══ Data block

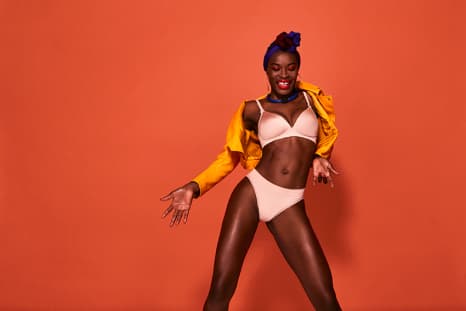 A black woman dancing comfortably in seam-free underwear from Bendon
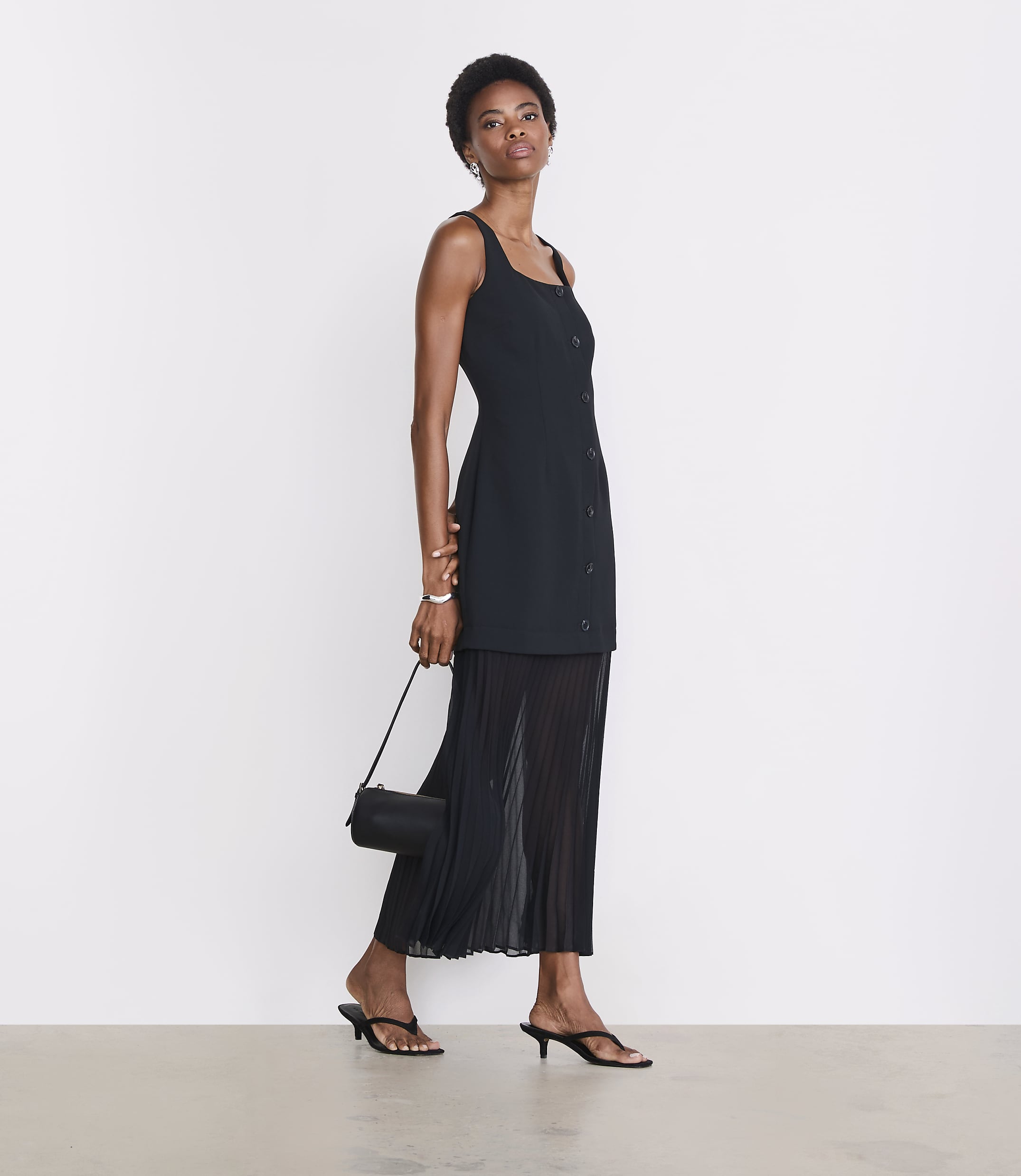 A woman in a black dress and sandals stands against a plain white background, holding a small black purse.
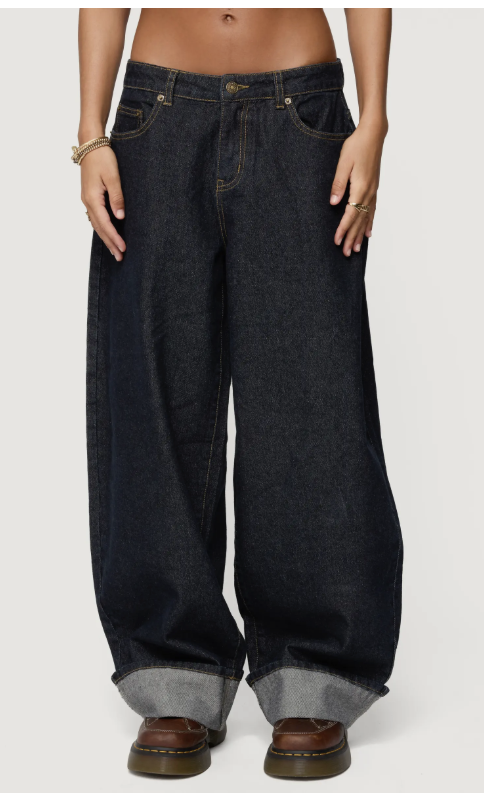 Product shot of Edikted Kella oversized low-rise dark-wash jeans with a wide-leg fit and large cuffed hems, featured as a key item for a relaxed graphic tee outfit.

════

Images should not appear in the copy; retype the listing above exactly.

 A black woman dancing comfortably in seam-free underwear from Bendon
 A woman in a black dress and sandals stands against a plain white background, holding a small black purse.
 Product shot of Edikted Kella oversized low-rise dark-wash jeans with a wide-leg fit and large cuffed hems, featured as a key item for a relaxed graphic tee outfit.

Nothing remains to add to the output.